Journal of Proteomics & Bioinformatics
Open Access

ISSN: 0974-276X

+44 1223 790975

Folding region predictions by amino acid analysis of lysozyme superfamily proteins

6th International Conference on Structural Biology

August 22-23, 2016 New Orleans, USA

Takuto Nakashima, Michirou Kabatam and Takeshi Kikuchi

Ritsumeikan University, Japan

Posters & Accepted Abstracts: J Proteomics Bioinform

Abstract :

It is well known that the 3-D structure in lysozyme-like fold show wide variety but partially common topology. The aim of our research is to discuss whether common folding unit and common folding mechanism exist by analyzing c(chicken)- type lysozyme family which has folding mechanisms that have been investigated extensively, and its superfamily proteins i(invertabrate)-type, g(goose)-type, l(lambda-phage)-type lysozyme family. In order to achieve it, we mainly used Average Distance Map(ADM) analysis which predicts distribution of folding unit and F-value analysis which predicts the contact frequency of each residue. These methods are based on inter-residue average distance calculation with known 3-D structures. First we conducted BLAST search to get homologous proteins of each family. Then we got rid of the sequence of one of the pair which indicate more than 90% identity and sequence which causes large alignment gap on secondary structure. Finally we used 73 c-type, 52 i-type, 53 g-type and 100 l-type lysozyme proteins as objective proteins.
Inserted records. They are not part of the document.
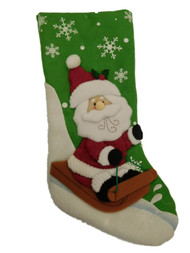 Green Felt Santa Claus & Sled Snowflake Christmas Holiday Stocking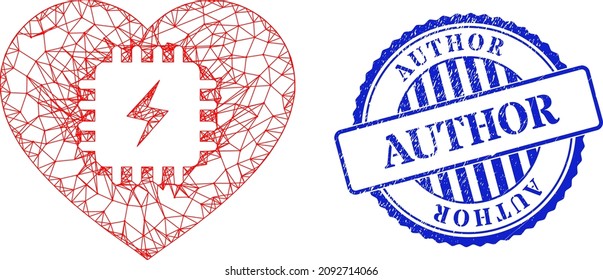 Vector network heart pacemaker model, and Author blue rosette unclean seal imitation. Crossed frame network illustration designed with heart pacemaker pictogram, is made with crossed lines.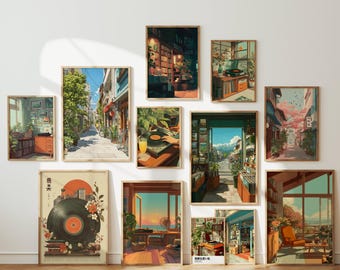 12 Japanese Retro City Pop Prints, Nostalgic Anime Posters (Digital Download)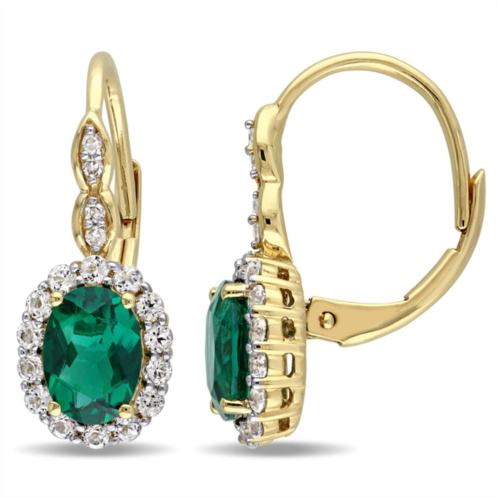 Mimi & Max womens 2 1/4ct tgw oval shape created emerald, white topaz and diamond accent vintage leverback earrings in 14k yellow gold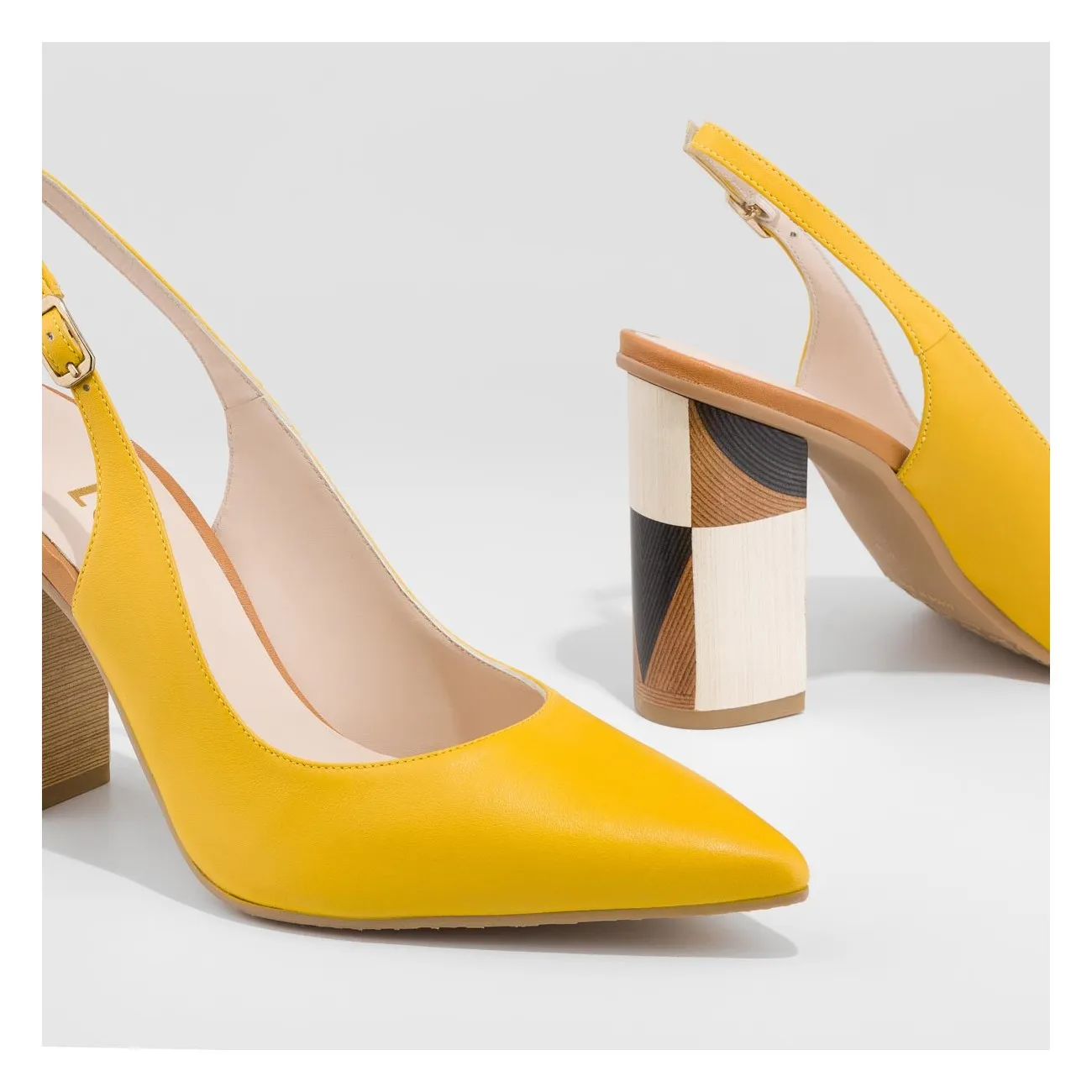 Escarpins Sorea-GE en cuir couleur jaune | LODI Chaussures femme online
Next we conducted the MAFFT alignment program and combined with our result of ADM analysis. As a result, we found that strongly conserved folding units exist in each family. Furthermore, we made use of combinatorial extension (CE) structural alignment program. As a result, the distribution of conserved units on 3-D structure within a family is partially conserved beyond family. These conserved regions included residues which indicate high contact frequency. That is, we can suggest the common folding mechanism among lysozyme superfamily.

Biography :

Nakashima is a second year graduate student of Ritsumeikan University, Collage of life sciences, Department of Bioinformatics.